Ces faits donnent à ce très court roman quelque chose d'encore plus émouvant.

Le "bateau-usine" publié en 1929 ( 2006 sous sa version francophone) a fait l'objet de nombreuses modifications. Par l'auteur tout d'abord mais aussi par les divers éditeurs qui reprirent ce titre sous de nombreuses traductions.

Le texte raconte les conditions épouvantables subies par les travailleurs à bord d'un bateau pêchant le crabe dans les mers entre le Japon et l'URSS.

Parfois difficile à lire, un peu altéré par le temps, ce livre mérite sa lecture.
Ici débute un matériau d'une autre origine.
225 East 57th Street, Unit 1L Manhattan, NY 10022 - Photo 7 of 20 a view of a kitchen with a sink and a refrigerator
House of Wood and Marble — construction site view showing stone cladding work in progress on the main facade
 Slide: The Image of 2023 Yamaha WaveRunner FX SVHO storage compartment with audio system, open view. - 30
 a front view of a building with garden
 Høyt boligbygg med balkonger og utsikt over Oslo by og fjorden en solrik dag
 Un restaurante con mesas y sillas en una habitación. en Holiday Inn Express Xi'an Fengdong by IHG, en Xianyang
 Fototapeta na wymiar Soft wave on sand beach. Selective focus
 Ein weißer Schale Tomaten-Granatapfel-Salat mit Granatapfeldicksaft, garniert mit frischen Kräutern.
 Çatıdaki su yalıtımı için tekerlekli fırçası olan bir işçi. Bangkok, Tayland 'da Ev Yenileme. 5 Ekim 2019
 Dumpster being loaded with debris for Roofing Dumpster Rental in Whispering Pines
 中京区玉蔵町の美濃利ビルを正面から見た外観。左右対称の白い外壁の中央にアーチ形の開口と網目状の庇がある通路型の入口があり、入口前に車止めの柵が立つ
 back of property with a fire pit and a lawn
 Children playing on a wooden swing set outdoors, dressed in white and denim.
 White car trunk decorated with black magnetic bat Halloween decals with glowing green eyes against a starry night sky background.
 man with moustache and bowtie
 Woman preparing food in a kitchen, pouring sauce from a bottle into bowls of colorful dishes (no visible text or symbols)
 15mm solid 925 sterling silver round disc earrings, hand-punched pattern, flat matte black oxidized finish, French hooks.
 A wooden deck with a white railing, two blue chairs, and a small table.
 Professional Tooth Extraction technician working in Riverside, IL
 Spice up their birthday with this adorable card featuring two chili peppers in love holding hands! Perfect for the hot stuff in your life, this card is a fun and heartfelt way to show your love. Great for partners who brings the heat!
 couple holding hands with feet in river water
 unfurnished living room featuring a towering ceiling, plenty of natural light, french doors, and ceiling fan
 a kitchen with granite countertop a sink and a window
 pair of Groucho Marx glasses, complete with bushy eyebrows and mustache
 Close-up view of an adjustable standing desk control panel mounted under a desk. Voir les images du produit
Les luttes sociales, la souffrance ont souvent une curieuse ressemblance.

Et vogue la galère !

8 étoiles

Critique de Débézed (Besançon, Inscrit le 10 février 2008, 72 ans) - 20 janvier 2016

« C’est parti ! En route pour l’enfer ! » Dès la première phrase de ce roman Takiji annonce la couleur, on sait immédiatement où va nous emmener le Hakkô-maru, navire usine qui quitte le port de Hakodate, un port de l’île de Hokkaido, à la pêche aux crabes dans la Mer d’Okhotsk en défiant les Russes encore ennemis privilégiés du Japon après la guerre russo-japonaise. La vie à bord de ces bateaux est encore pire que dans les mines décrites par Zola. Ces bateaux ne sont pas considérés comme des navires et échappent donc aux lois régissant la vie à bord et tout autant à celles réglementant le travail dans les usines, c’est un véritable espace de non-droit où même le capitaine n’est pas maître à bord, il doit subir le pouvoir de l’intendant représentant de l’armateur et véritable patron à bord après l’empereur. Le Hakkô-maru affronte des tempêtes et des grains que Takiji décrit aussi brillamment que Joseph Conrad quand il dépeint un Typhon en Mer de Chine ou que Francisco Coloane quand il nous entraîne Dans le sillage de la baleine dans les mer du sud. Les bateaux-usines japonais sont des rafiots déglingués, vieux navires hôpitaux ou transports de troupes mis au rebut après la guerre russo-japonaise et transformés, au moindre coût, en navires-usines pour le plus grand profit des capitalistes qui arment ces navires pour la très lucrative pêche aux crabes sans aucune considération pour la vie des très nombreuses personnes employées à bord pour la conduite du navire, la pêche et la fabrication des conserves.

Ce livre écrit par Takiji en 1929, fut immédiatement interdit et son auteur recherché par la police dans le cadre de la lutte contre les mouvements de gauche fleurissant à cette époque au Japon. Takiji fut donc contraint de se réfugier dans la clandestinité pendant deux ans, il fut finalement arrêté par la police et mourut sous la torture en 1933.La publication, en 2008, dans la presse d’un échange entre deux éminentes figures de la gauche japonaise, évoquant ce livre lors dans leur propos, provoqua un véritable raz de marée littéraire. Ce texte devint alors un classique de la littérature prolétarienne japonaise et fut édité dans de nombreuses langues. Il reste aujourd’hui un ouvrage de référence pour étudier la lutte prolétarienne contre le capitalisme galopant.

Ce livre a une réelle dimension littéraire, il n’est pas abusif de comparer certains passages, certaines scènes concernant la vie en mer, notamment quand celle-ci est mauvaise, à des textes de Conrad ou de Coloane mais il faut bien admettre que Takiji a écrit ce roman pour démontrer l’emprise du patronat capitaliste sur le sous-prolétariat constituant la main d’œuvre à bord de ses navires et la possibilité pour celui-ci de renverser les rôles en se soulevant, à l’unisson, contre les profiteurs l’exploitant. Il a situé ce manifeste, ce manuel de révolte, sur un navire pour disposer d’un monde clos où les deux forces en présence pouvaient s’affronter sans intervention extérieure, même si un destroyer se mêle un peu de l’affaire. Ce livre servit donc très souvent de manuel de propagande pour le parti communiste auquel appartenait Takiji sans que cela retire quoi que ce soit à sa qualité littéraire.